The International Air Transport Association (IATA) announced full-year traffic figures yesterday and said that passenger traffic (Revenue Passenger Kilometres) increased 7.4% in 2007, up 1.5 points over the 5.9% growth recorded in 2006.
Average load factor, it said, was at an all-time record of 77% last year, up 1 point from 2006.
"This trend will likely end in 2008 as demand growth is forecast to slow to 5% while capacity rises 5.2%," the organization said.
Middle East carriers recorded traffic growth of 18.1%, which was the highest rate among all regions.
Latin American airlines it said rebounded from a 2.4% decline in traffic in 2006 to post an 8.4% increase in 2007. This has been attributed to the restructuring of Brazilian carrier Varig.
African carriers saw a growth of 8%, while Asia/Pacific airlines posted a traffic increase of' 7.3% nearly matching the global average.
Europe saw demand rise to 6% from 5.3% in the previous year.
North American airlines posted a passenger traffic growth of 5.5%, down slightly from 5.7% in 2006.
International airfreight traffic, it said, grew 4.3% in 2007, down from 4.6% in 2006 and well below historical and long-term projected average annual growth of 6.1%.
In this sector too, Middle East carriers led all regions with a 10.1% increase in freight demand, though down from 16.1% in 2006.
Airlines in the Asia/Pacific region, which account for 45% of the international total, saw cargo traffic increase 6.5% in 2007.
European carriers posted a 2.7% increase in Freight Tonne Kilometres while North American airlines saw growth of just 0.7%.
Latin American airlines' cargo demand dipped 5.4% while African carriers posted a 6% decrease.

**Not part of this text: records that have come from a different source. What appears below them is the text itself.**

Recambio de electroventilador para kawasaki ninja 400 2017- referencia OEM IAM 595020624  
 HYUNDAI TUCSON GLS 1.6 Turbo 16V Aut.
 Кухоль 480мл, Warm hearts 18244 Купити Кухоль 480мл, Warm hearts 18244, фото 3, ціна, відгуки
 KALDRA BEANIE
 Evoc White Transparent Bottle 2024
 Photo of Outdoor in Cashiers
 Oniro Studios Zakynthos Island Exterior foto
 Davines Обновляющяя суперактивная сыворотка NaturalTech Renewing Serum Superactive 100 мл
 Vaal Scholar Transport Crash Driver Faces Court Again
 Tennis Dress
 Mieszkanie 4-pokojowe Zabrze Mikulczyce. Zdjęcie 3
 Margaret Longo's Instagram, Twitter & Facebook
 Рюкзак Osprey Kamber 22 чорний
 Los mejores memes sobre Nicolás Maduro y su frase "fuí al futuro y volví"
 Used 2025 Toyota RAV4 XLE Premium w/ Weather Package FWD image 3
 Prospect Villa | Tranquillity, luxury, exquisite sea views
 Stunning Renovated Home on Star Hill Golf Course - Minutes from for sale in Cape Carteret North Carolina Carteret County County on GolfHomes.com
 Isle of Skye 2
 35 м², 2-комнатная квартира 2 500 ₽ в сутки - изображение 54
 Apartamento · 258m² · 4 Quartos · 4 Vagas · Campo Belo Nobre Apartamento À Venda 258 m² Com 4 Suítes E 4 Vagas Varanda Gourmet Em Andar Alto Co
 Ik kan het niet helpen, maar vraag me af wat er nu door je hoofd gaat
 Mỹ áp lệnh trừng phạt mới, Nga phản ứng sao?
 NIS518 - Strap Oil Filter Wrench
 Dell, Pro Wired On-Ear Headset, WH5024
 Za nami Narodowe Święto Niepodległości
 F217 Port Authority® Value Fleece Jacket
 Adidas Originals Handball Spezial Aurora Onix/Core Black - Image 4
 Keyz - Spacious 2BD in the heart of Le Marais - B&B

"Despite the ambiguity of strong passenger growth accompanied by weaker freight demand, we can say clearly that 2007 was the best in recent memory," IATA DG and CEO Giovanni Bisignani said. "We can state equally clearly that there will be no encore performance in 2008. Oil prices are higher than ever. Economic uncertainty accompanying the US credit crunch is broadening. And the slower growth for passenger demand in December sets the trend for the coming months."
Worldwide passenger traffic growth slowed to 6.7% in December.
IATA projects that the airfreight demand environment "will remain challenging," forecasting growth of 4%-4.5% in 2008.